Ceciliano sofreu censura pública da sigla ao votar favorável à privatização da Cedae e foi suspenso por seis meses por ter pautado o projeto de lei da gestão Luiz Fernando Pezão (2015-2018) que aumentou a alíquota de contribuição previdenciária dos servidores de 11% para 14%.

"Tinha três, quatro meses de atraso dos servidores. Não tinha dinheiro. Imagina se a polícia para de sair dos batalhões? Eu ajudei naquelas votações difíceis e votei", afirma.

Em todos os casos alguns setores do PT pediram sua expulsão. Pesou em seu favor junto à direção da sigla sua fidelidade nos momentos de crise. Na mesma nota em que teve anunciou a suspensão do deputado, a Executiva estadual elogiou o compromisso de Ceciliano com o partido "nos piores momentos".

"Enquanto muitos fugiram com medo de defender o partido junto ao eleitorado e saíram por oportunismo eleitoral, André ficou e defendeu o PT", afirmou a Executiva estadual na ocasião.

A partir de 2018, o alvo deixou de ser o PT para se tornar o próprio Ceciliano. Assessores do gabinete do deputado lideravam em valor as movimentações consideradas atípicas pelo Coaf, cujo relatório gerou o escândalo das "rachadinhas".

Enquanto a movimentação suspeita do gabinete do senador Flávio Bolsonaro (PL) somava R$ 1,2 milhão, a de assessores de Ceciliano atingia R$ 49 milhões. A desproporção passou a ser argumento dos bolsonarista.

Dois anos depois, o Ministério Público do Rio considerou que não havia indícios contra Ceciliano. Flávio foi denunciado, mas as provas anuladas.

O presidente da Alerj também foi um dos alvos de buscas na Operação Tris In Idem, que levou ao afastamento de Wilson Witzel do governo. Ele é investigado sob suspeita de direcionamento de verbas da saúde em troca de apoio político, a partir de delação do ex-secretário de Saúde Edmar Santos.

"No âmbito da Justiça Federal, já foram apresentadas denúncias baseadas na referida delação e eu não fui acusado, por absoluta ausência de elementos minimamente probatórios. O ex-secretário tentou transformar em ato suspeito o que é, na verdade, uma virtude da nossa gestão à frente da Alerj", disse Ceciliano.

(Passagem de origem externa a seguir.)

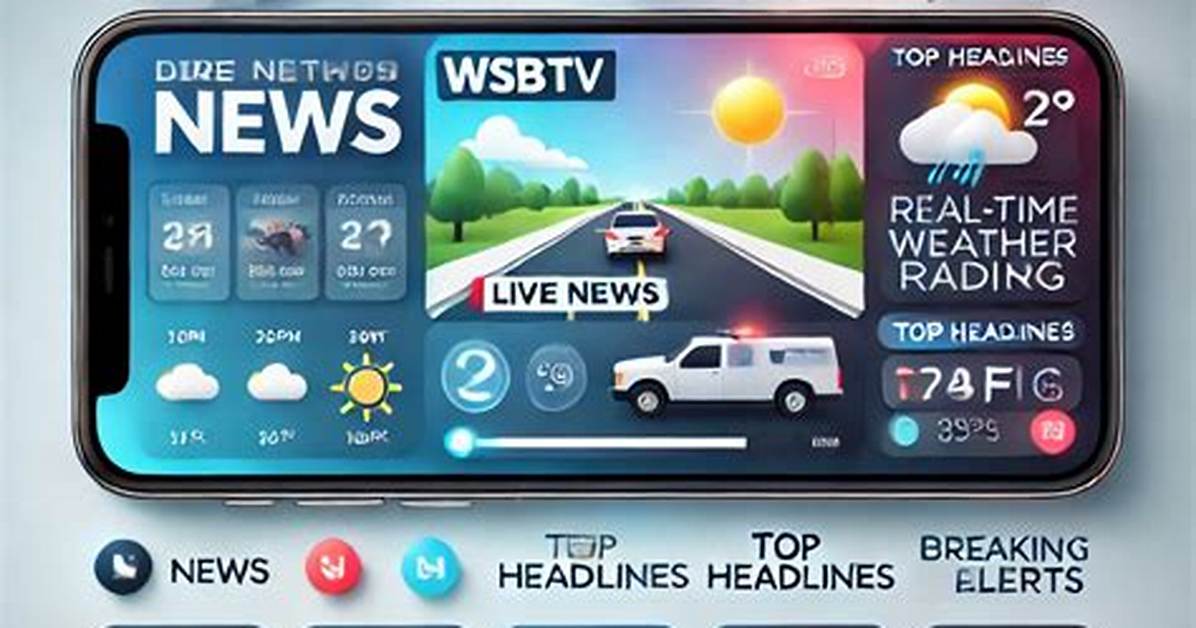 Wsbtv News: Your Trusted Source for Local News in Atlanta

O presidente da Alerj e Lula se aproximaram em 2021, e o ex-presidente vem defendendo o nome do deputado para o Senado. Ele trava uma disputa nos bastidores com Alessandro Molon (PSB) sobre quem disputará a vaga na chapa que tem Marcelo Freixo (PSB) como candidato ao governo.

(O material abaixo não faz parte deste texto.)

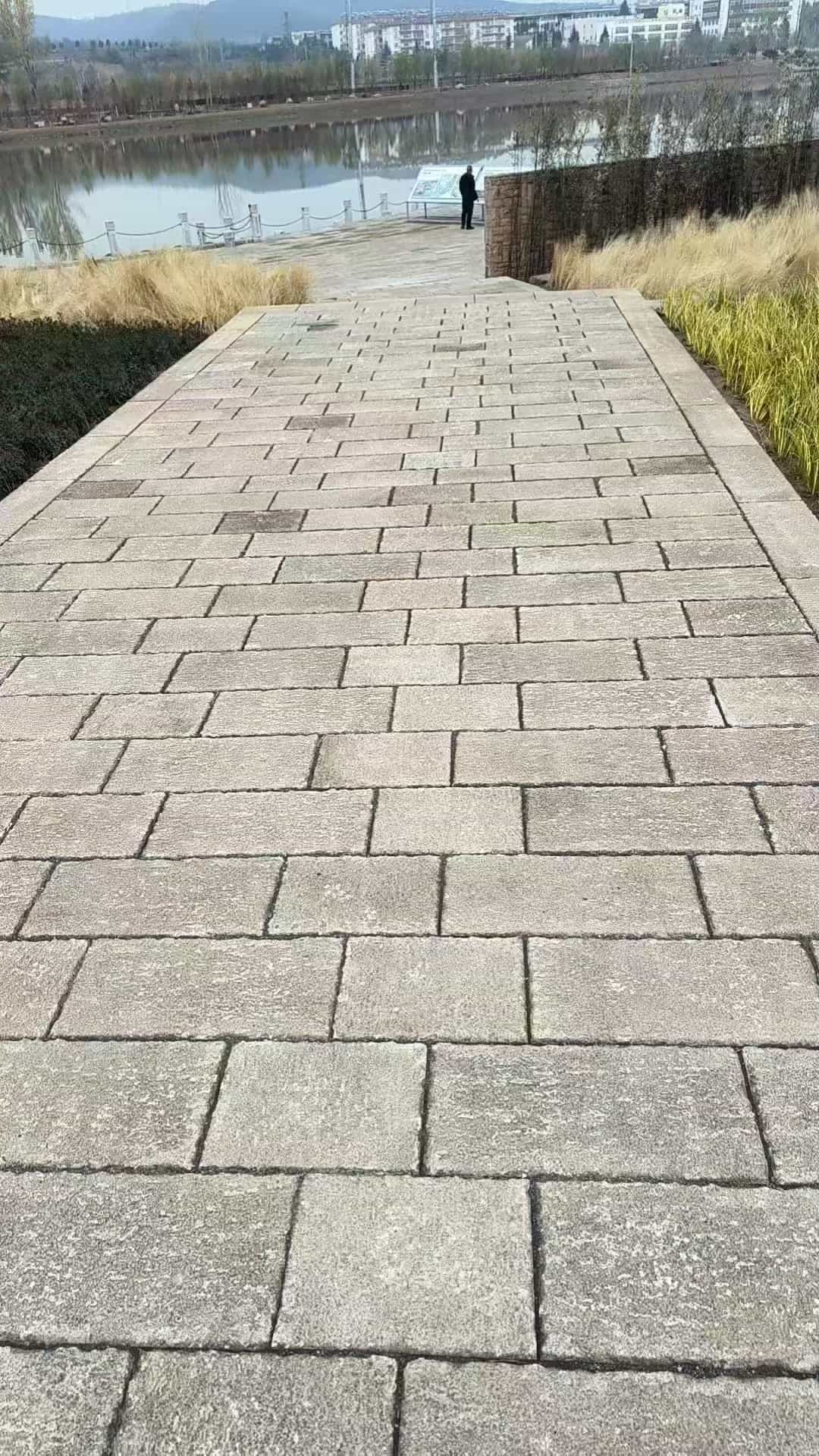 吕梁仿古石铺装效果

O petista vem se apoiando na pré-campanha numa articulação que envolve prefeitos do interior e deputados estaduais. Ele calcula ter atraído mais de 50 dos 92 chefes municipais do estado para o lançamento de sua pré-candidatura ao Senado, numa casa de shows na Baixada Fluminense.

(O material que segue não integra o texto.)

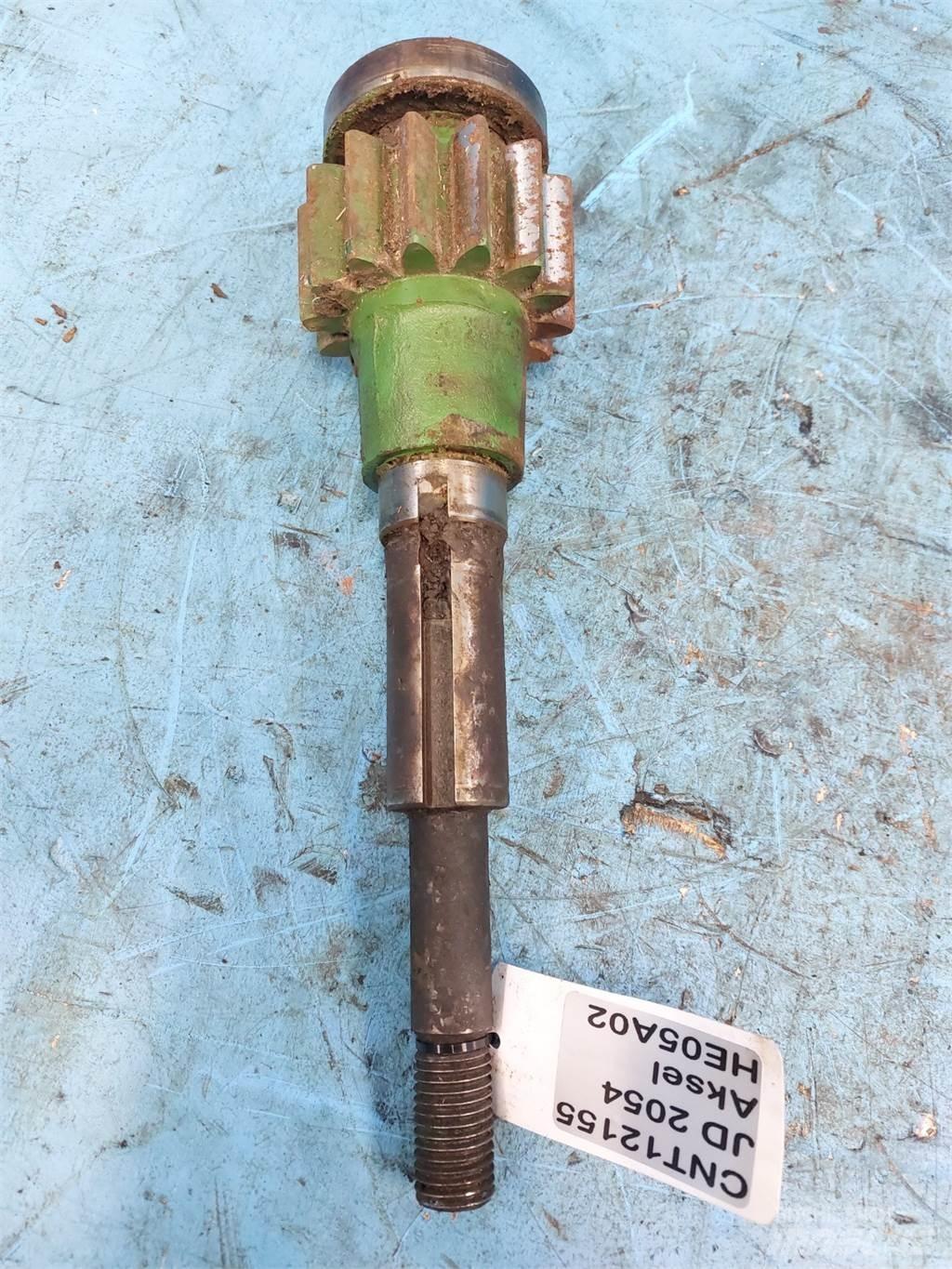 John Deere 2054 Accesorios para cosechadoras combinadas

Alguns de seus apoiadores defendem a reeleição de Jair Bolsonaro. Otoni de Paula, vice-líder de Bolsonaro na Câmara, esteve com o petista em templo da Assembleia de Deus.

"Apesar de estarmos em campos ideológicos opostos, tenho uma relação muito boa com o André", afirmou Otoni.

O petista não esconde a dificuldade em defender Freixo como candidato. Questionado sobre como o defenderia junto ao eleitor, ele disse: "Freixo está na nossa aliança, no nosso campo político, defende o que nós defendemos. Não estou dizendo que o Cláudio Castro não defenda. Vou fazer a defesa do meu candidato."